Kraft’s oldest daughter, Molly, 18, said her friend group is split on the vaccine. Half of them are interested in receiving it; others think the vaccine was approved too quickly and are more wary of long-term side effects from the vaccine than from the virus itself.
Some of Heidi Haugan’s friends in Sioux Falls have similar concerns. Haugan, a mother of four, said her friends are divided in their opinions on the vaccine. They’ve all managed to keep conversations civil, but it’s been difficult, she said.
“It’s been challenging,” she said. “You can find anything you want on social media. There are a lot of conspiracy theories and misinformation out there. I understand as a mom it is scary with the unknown.”
Her 11-year-old son, Liam, was the only child in his grade to wear a protective mask at a private Sioux Falls school. The other students had questions about why he was wearing a mask, Liam said, but then got used to him wearing it. He plans to get the vaccine after his 12th birthday in July.

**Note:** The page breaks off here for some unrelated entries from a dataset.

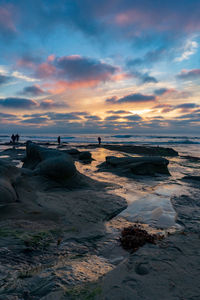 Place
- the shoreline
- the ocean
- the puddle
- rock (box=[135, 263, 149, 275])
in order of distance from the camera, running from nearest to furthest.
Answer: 1. the shoreline
2. rock (box=[135, 263, 149, 275])
3. the puddle
4. the ocean

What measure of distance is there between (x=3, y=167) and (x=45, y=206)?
142cm

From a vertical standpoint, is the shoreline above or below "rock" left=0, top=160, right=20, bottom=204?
below

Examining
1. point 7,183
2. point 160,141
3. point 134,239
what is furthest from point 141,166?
point 160,141

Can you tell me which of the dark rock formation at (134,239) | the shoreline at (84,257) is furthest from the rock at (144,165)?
the dark rock formation at (134,239)

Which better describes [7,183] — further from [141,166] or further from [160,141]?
[160,141]

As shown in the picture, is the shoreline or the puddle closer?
the shoreline

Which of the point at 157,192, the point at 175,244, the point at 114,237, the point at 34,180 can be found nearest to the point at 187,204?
the point at 157,192

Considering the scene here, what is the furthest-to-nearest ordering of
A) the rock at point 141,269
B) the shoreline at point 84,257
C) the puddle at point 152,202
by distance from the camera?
the puddle at point 152,202, the rock at point 141,269, the shoreline at point 84,257

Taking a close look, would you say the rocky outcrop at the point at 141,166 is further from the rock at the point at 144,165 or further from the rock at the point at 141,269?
the rock at the point at 141,269

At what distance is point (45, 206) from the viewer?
11.4 feet

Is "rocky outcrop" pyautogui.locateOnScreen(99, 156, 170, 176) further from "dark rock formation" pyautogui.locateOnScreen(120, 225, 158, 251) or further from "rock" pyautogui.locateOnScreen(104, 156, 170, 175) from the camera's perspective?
"dark rock formation" pyautogui.locateOnScreen(120, 225, 158, 251)

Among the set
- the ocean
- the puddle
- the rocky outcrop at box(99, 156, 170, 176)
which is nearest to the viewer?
the puddle

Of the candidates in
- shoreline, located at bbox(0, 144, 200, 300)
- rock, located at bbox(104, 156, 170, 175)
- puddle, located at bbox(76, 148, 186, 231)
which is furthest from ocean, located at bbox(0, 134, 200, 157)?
shoreline, located at bbox(0, 144, 200, 300)

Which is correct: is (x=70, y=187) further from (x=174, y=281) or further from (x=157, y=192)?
(x=174, y=281) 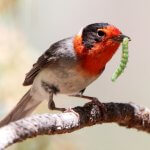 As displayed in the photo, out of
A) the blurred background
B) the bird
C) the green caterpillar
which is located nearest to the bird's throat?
the bird

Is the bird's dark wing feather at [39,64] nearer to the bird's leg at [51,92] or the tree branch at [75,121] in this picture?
the bird's leg at [51,92]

Liam came home in the winter and said a friend at school told him that “the vaccine has little computers in it” and that infectious disease expert Dr. Anthony Fauci “is going to control your thoughts” with the vaccines.

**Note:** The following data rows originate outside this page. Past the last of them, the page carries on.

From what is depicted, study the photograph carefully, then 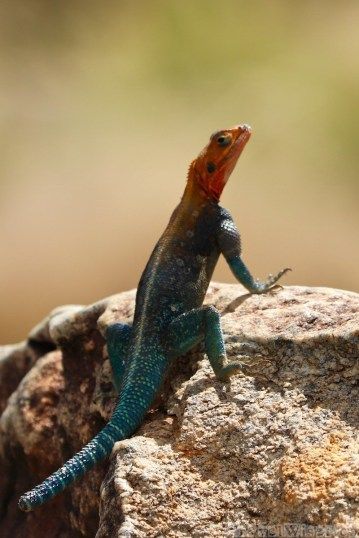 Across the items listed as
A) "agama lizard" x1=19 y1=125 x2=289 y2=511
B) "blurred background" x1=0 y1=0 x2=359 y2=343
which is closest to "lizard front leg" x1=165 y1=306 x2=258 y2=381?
"agama lizard" x1=19 y1=125 x2=289 y2=511

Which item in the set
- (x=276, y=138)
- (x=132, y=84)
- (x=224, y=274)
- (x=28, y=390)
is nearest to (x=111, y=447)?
(x=28, y=390)

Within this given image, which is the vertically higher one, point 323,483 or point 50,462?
point 323,483

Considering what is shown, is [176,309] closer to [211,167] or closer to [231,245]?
[231,245]

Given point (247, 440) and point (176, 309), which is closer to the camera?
point (247, 440)

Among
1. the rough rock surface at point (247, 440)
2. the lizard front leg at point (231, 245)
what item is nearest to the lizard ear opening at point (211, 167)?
the lizard front leg at point (231, 245)

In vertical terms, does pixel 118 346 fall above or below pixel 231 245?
below

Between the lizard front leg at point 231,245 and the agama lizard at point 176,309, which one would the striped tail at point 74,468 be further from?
the lizard front leg at point 231,245

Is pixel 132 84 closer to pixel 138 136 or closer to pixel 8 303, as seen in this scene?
pixel 138 136

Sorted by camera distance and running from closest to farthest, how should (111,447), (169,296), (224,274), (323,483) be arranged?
(323,483) → (111,447) → (169,296) → (224,274)

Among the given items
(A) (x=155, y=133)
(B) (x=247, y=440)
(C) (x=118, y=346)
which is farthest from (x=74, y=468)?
(A) (x=155, y=133) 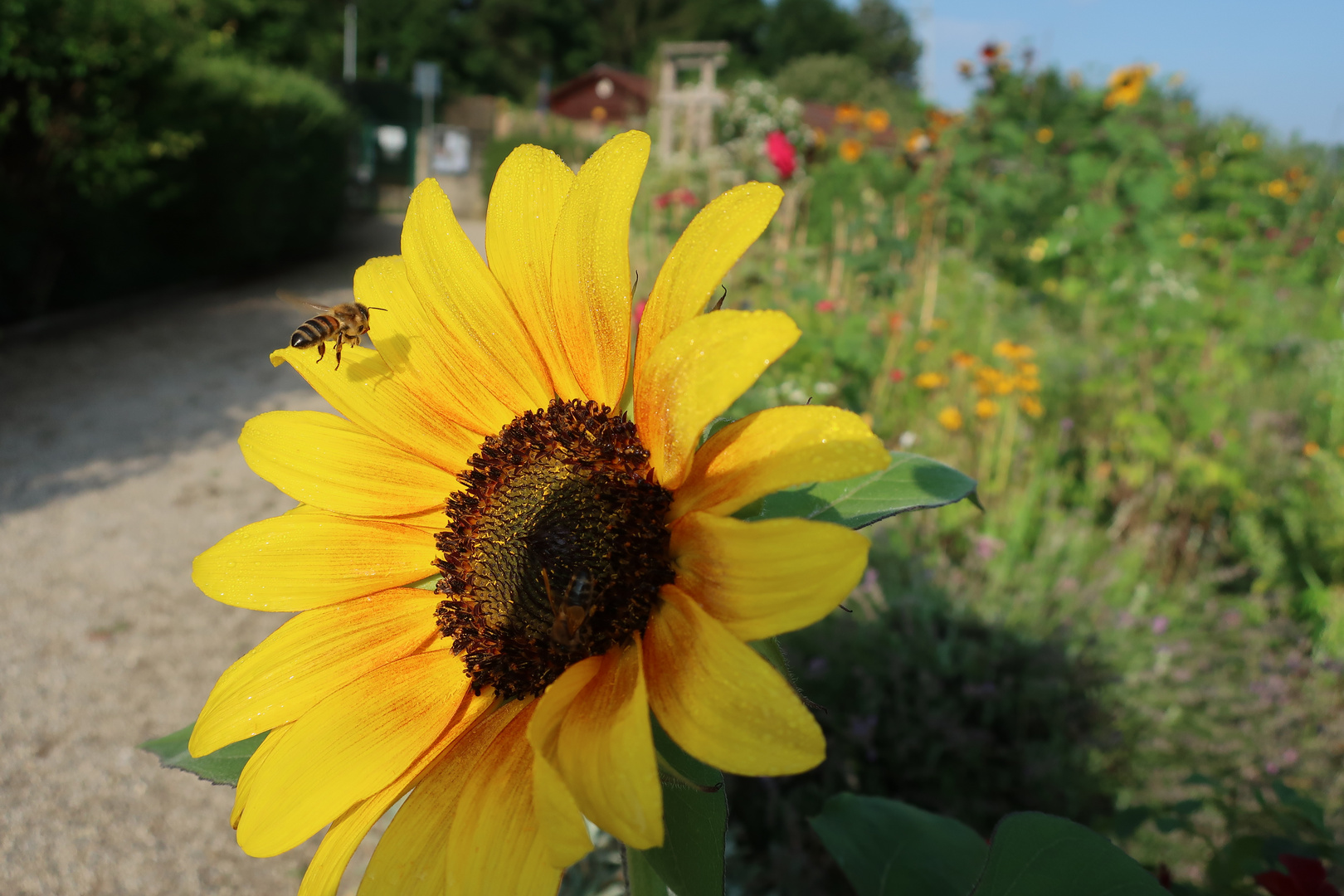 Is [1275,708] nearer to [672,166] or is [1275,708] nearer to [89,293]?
[672,166]

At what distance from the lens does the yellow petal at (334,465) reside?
0.84 m

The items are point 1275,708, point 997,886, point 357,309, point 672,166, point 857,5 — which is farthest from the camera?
point 857,5

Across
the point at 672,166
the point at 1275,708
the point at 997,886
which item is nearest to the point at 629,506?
the point at 997,886

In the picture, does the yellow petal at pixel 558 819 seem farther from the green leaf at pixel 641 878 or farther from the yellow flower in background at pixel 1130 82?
the yellow flower in background at pixel 1130 82

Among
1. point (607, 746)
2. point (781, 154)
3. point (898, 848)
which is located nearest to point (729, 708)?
point (607, 746)

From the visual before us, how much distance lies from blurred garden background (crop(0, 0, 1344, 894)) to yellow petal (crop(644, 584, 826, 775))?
5.9 inches

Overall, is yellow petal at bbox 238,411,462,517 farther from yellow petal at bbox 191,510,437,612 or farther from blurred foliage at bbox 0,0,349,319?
blurred foliage at bbox 0,0,349,319

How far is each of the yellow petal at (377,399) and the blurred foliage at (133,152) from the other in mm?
8007

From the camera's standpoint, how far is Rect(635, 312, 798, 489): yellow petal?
0.59 metres

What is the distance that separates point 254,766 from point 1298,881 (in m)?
1.02

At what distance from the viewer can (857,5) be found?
61.2m

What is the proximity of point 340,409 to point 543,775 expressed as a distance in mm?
437

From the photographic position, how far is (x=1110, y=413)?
4441mm

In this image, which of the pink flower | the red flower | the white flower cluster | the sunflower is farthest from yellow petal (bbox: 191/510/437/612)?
the white flower cluster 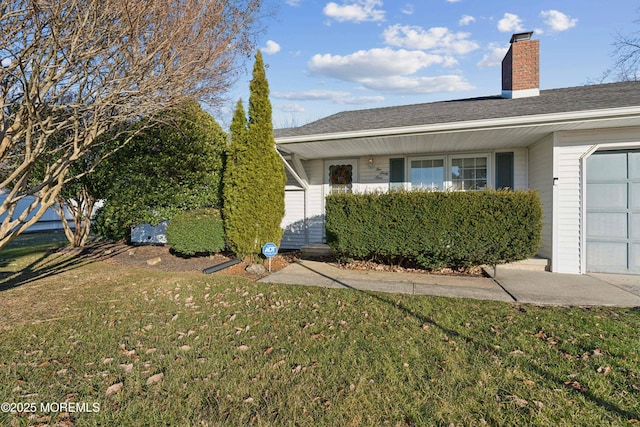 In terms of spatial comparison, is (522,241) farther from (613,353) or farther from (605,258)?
(613,353)

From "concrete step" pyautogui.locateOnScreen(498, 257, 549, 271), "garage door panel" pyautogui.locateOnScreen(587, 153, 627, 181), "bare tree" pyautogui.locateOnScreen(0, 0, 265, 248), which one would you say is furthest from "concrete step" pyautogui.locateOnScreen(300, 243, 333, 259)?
"garage door panel" pyautogui.locateOnScreen(587, 153, 627, 181)

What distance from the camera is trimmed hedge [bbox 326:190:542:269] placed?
5406mm

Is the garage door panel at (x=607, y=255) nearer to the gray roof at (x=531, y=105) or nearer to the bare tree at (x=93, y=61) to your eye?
the gray roof at (x=531, y=105)

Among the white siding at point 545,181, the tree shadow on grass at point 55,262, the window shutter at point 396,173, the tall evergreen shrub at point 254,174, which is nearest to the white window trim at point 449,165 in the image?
the window shutter at point 396,173

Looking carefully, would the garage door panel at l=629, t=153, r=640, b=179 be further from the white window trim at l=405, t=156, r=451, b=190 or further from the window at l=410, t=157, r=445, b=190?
the window at l=410, t=157, r=445, b=190

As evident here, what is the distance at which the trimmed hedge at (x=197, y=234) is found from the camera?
23.0 feet

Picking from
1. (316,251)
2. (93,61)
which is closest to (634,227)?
(316,251)

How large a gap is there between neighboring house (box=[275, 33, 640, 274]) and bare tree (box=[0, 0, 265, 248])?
239cm

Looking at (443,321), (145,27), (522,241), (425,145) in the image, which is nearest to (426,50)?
(425,145)

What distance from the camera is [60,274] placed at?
5.88m

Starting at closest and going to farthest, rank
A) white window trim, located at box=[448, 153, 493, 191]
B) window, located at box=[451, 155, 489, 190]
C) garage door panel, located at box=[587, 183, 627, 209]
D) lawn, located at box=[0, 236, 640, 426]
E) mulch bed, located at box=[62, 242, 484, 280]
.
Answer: lawn, located at box=[0, 236, 640, 426], garage door panel, located at box=[587, 183, 627, 209], mulch bed, located at box=[62, 242, 484, 280], white window trim, located at box=[448, 153, 493, 191], window, located at box=[451, 155, 489, 190]

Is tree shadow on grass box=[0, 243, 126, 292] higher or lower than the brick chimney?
lower

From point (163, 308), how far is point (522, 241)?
19.5ft

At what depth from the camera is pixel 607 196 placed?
18.9 ft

“We sat down and talked about that,” Heidi Haugan said. She and her husband talked with their children openly about the pandemic and shared what they had learned from research from multiple sources. “The misinformation is out there.”
Many families are worried about long-term effects of the vaccine or the immediate side effects they may experience after they get the shot. Side effects can occur from the vaccine, such as fatigue, sore arm, a fever and flu-like symptoms typically for a day or two. Other more serious effects can occur, too, doctors say, but are rare.
The CDC looked into reports that a small number of teenagers and young adults who received a COVID-19 vaccine experienced heart problems, but did not yet determine if the vaccine was the direct cause of the issues. Blood clots occurred in about 30 of the more than 8 million people who received the Johnson & Johnson vaccine, leading the CDC to temporarily pause its use. The vaccine was recommended to be put in use again after the CDC determined that “known and potential benefits outweigh its known and potential risks for those recommended to receive it.”
Physicians have found that one-on-one conversations with patients are the most beneficial when it comes to working through concerns and making good decisions.
“This vaccine is safe. This vaccine is effective,” said Kurra, of Monument Health. “Vaccines we’ve had in the past are similar to this vaccine. They are the reason we don’t see deaths from other infectious diseases. We need to continue to remind folks this is the best thing we can do for their children and for themselves.”